Work required: Would you reproduce, word for word, only the lines running from the top of the data through the line containing "Opryskiwacz Krukowiak Apollo", and none of the pictures?

Data section:
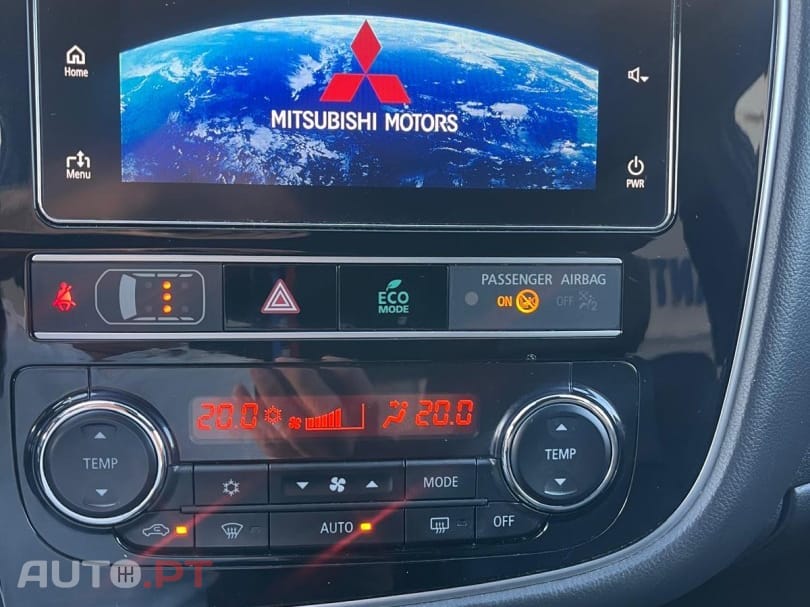 Mitsubishi Outlander 2.4 Instyle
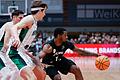Kaum ein Durchkommen: Auch wenn Nelson Phillips (rechts) heute zu den Lichtblicken bei den Würzburg Baskets gehörte, hatte auch er immer wieder Schwierigkeiten.
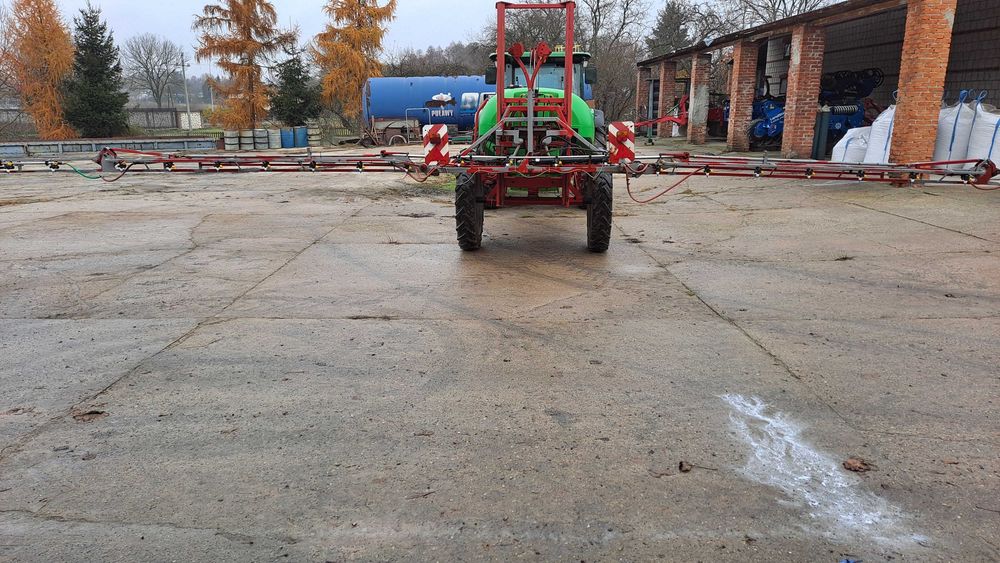 Opryskiwacz Krukowiak Apollo 2000 , lance hydrauliczne 15 m
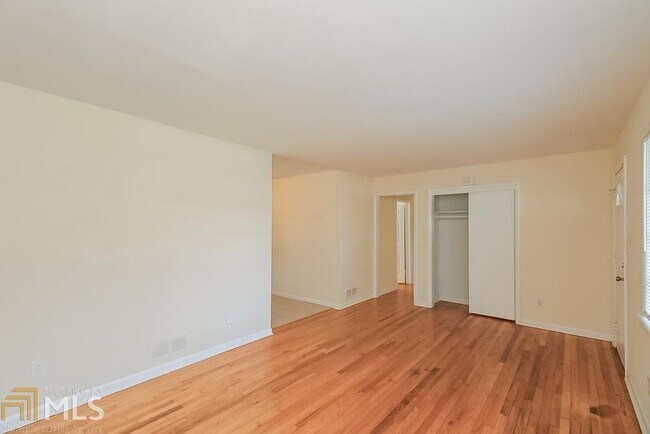 Building Photo - 3865 Kirksford Dr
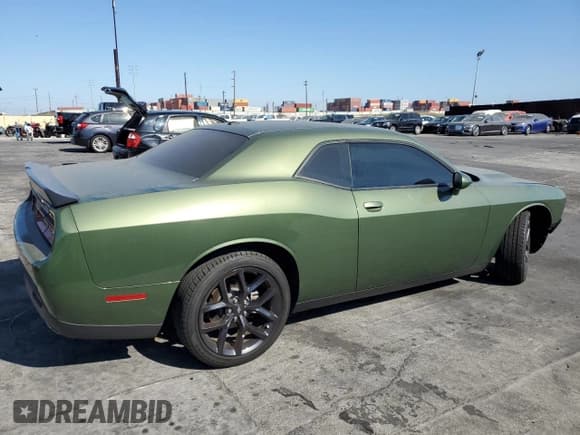 ✅ 2022 Dodge Challenger SXT • VIN: 2C3CDZAG2NH179151 • Lot: 69188354. Wystawiony na Copart z przebiegiem 19 465 mil. Bezpłatny archiwum sprzedaży aukcyjnych z USA i szczegółowy raport historii pojazdu na DreamBid. Zdjęcie 3.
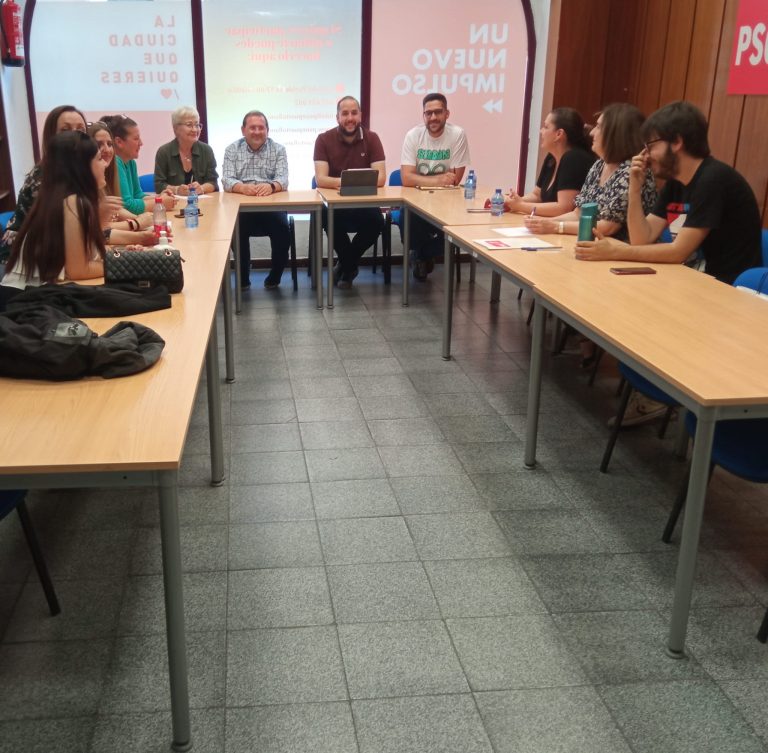 La Ejecutiva del PSOE de Puertollano aplaude la «buena gestión» de gobierno de Adolfo Muñiz al acabar con el plan de ajuste antes de tiempo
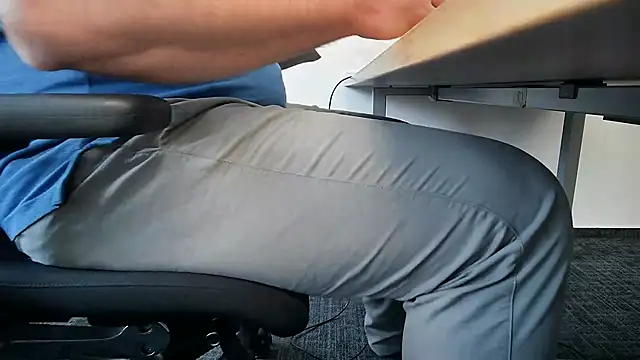 Show modela 69bezfleku na web-kameri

Response for this exercise:
 Mitsubishi Outlander 2.4 Instyle
Kaum ein Durchkommen: Auch wenn Nelson Phillips (rechts) heute zu den Lichtblicken bei den Würzburg Baskets gehörte, hatte auch er immer wieder Schwierigkeiten.
 Opryskiwacz Krukowiak Apollo 2000 , lance hydrauliczne 15 m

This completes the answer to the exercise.